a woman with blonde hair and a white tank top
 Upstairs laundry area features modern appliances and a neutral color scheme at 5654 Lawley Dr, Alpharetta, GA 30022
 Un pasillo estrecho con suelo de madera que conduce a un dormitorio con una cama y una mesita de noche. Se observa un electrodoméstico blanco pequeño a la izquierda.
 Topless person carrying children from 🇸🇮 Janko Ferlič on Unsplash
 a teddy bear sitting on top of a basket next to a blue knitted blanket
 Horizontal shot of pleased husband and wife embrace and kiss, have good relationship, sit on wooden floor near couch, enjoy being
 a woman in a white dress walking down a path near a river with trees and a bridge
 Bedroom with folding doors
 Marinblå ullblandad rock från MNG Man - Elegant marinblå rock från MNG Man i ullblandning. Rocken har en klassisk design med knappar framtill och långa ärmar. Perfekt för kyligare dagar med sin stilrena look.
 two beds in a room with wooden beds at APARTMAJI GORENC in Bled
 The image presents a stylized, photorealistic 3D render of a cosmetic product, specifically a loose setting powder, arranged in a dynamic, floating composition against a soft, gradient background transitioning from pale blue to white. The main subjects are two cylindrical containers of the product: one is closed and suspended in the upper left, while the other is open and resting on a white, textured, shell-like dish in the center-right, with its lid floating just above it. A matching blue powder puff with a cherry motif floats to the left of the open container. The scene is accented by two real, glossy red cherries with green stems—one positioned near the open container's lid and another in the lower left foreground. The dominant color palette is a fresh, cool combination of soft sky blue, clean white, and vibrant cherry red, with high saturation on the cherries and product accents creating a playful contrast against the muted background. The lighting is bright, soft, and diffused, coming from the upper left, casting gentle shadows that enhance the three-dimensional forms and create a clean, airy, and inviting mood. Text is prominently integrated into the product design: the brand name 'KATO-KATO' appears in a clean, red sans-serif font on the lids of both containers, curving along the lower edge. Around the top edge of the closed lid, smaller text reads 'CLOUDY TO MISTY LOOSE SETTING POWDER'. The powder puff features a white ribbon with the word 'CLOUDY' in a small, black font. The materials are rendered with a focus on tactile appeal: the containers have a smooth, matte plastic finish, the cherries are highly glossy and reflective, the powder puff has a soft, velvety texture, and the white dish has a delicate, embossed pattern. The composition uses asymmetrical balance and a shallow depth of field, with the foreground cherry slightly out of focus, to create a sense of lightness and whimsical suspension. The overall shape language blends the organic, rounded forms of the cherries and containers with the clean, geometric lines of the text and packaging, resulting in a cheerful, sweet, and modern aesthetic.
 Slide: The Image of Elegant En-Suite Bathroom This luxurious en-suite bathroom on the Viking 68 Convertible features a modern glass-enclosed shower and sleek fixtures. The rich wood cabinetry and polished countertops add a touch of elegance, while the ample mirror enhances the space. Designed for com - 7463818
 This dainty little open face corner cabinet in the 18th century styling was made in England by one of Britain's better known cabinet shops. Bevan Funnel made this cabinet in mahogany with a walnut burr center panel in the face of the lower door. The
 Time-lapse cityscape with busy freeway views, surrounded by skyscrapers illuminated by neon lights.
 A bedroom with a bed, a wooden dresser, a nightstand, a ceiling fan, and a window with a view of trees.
::::
▶ WHAT TO DO:
Here the job is to set down exactly the lines of the material above that fall between the one with "Bedroom with folding doors" and the one with "two beds in", inclusive, and nothing beyond them.

▶ RESPONSE:
 Bedroom with folding doors
 Marinblå ullblandad rock från MNG Man - Elegant marinblå rock från MNG Man i ullblandning. Rocken har en klassisk design med knappar framtill och långa ärmar. Perfekt för kyligare dagar med sin stilrena look.
 two beds in a room with wooden beds at APARTMAJI GORENC in Bled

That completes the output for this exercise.